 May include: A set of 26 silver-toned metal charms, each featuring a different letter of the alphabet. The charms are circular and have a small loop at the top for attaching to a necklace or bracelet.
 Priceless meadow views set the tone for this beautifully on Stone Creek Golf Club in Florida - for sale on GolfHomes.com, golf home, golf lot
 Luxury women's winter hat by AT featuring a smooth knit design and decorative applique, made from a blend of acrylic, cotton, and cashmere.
==
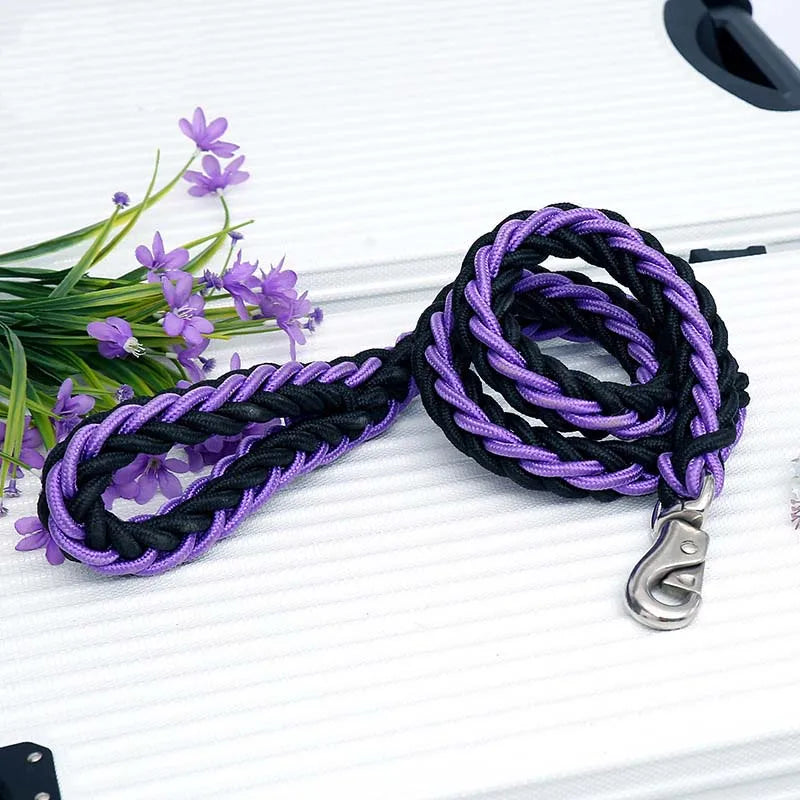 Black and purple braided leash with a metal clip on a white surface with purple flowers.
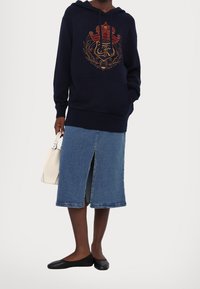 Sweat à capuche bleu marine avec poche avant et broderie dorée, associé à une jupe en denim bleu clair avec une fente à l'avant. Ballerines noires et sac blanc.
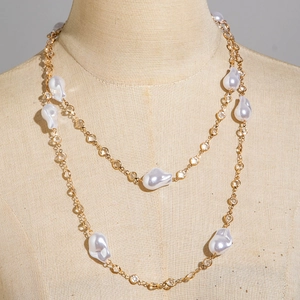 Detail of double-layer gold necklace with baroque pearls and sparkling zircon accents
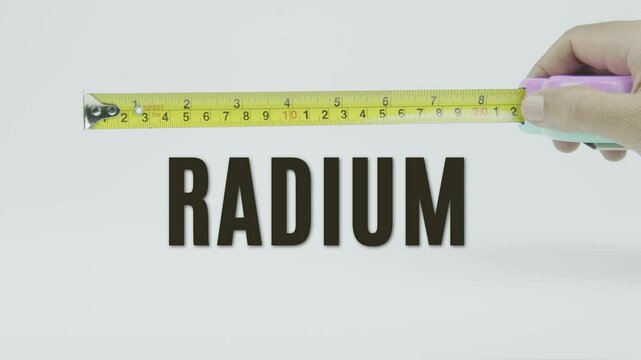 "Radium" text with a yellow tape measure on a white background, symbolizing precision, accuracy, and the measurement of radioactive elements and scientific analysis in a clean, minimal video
---
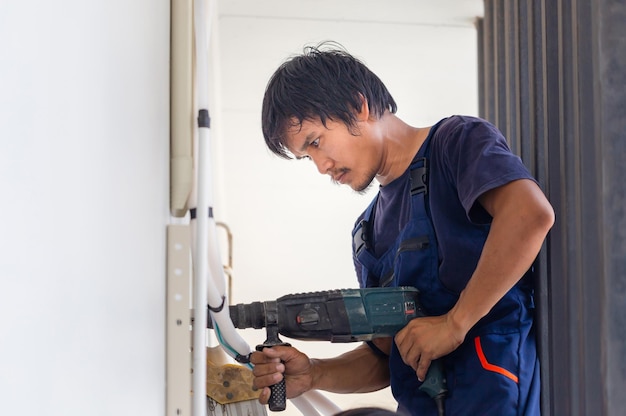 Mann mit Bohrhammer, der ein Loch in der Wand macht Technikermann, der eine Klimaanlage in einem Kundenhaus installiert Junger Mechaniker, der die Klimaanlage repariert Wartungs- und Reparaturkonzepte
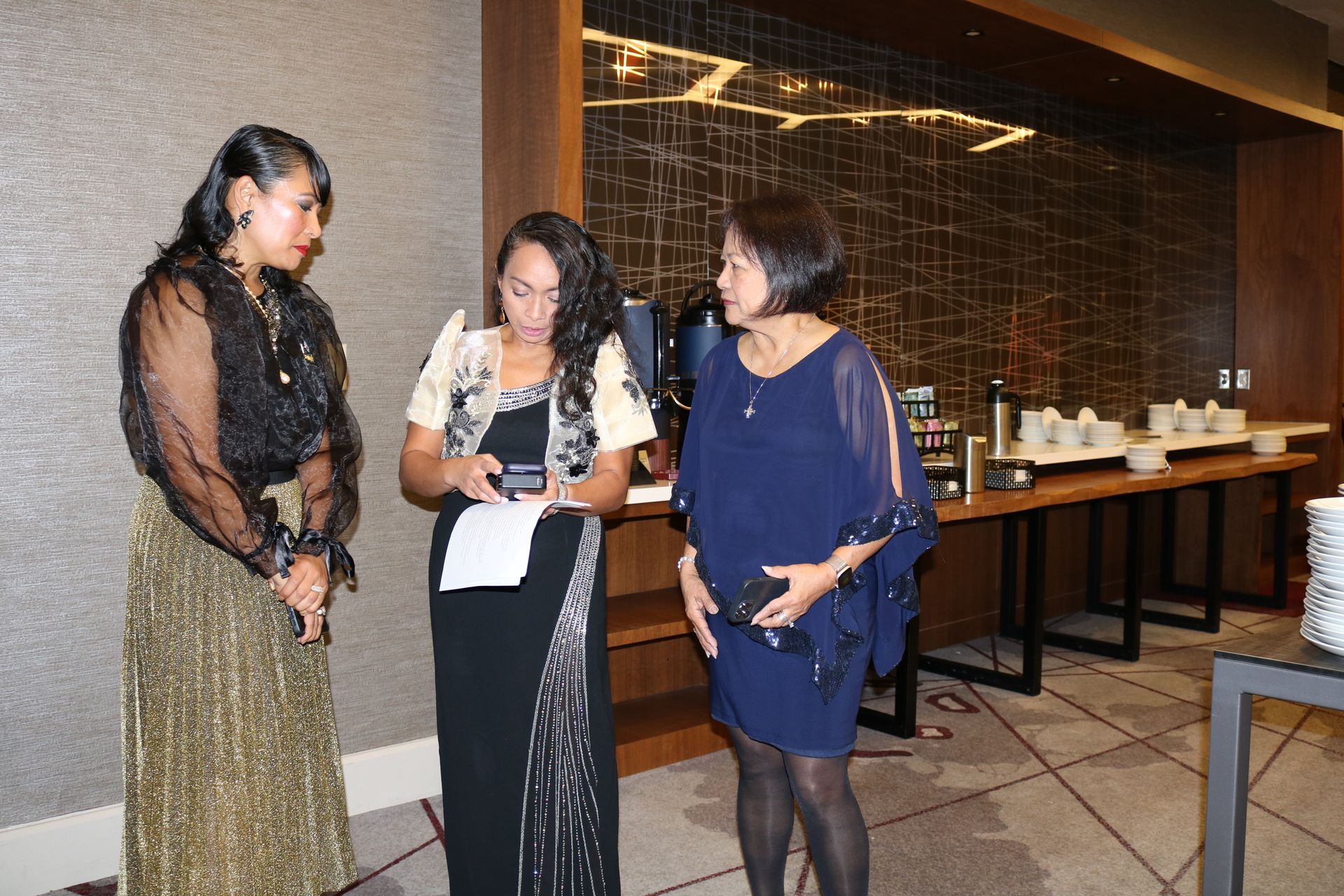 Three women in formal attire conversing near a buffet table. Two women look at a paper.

### Task statement
Print the line above containing "Black and purple", the line containing "clean, minimal video", and everything between them, exactly as written. Pictures stay out.

### Solution to the problem
 Black and purple braided leash with a metal clip on a white surface with purple flowers.
 Sweat à capuche bleu marine avec poche avant et broderie dorée, associé à une jupe en denim bleu clair avec une fente à l'avant. Ballerines noires et sac blanc.
 Detail of double-layer gold necklace with baroque pearls and sparkling zircon accents
 "Radium" text with a yellow tape measure on a white background, symbolizing precision, accuracy, and the measurement of radioactive elements and scientific analysis in a clean, minimal video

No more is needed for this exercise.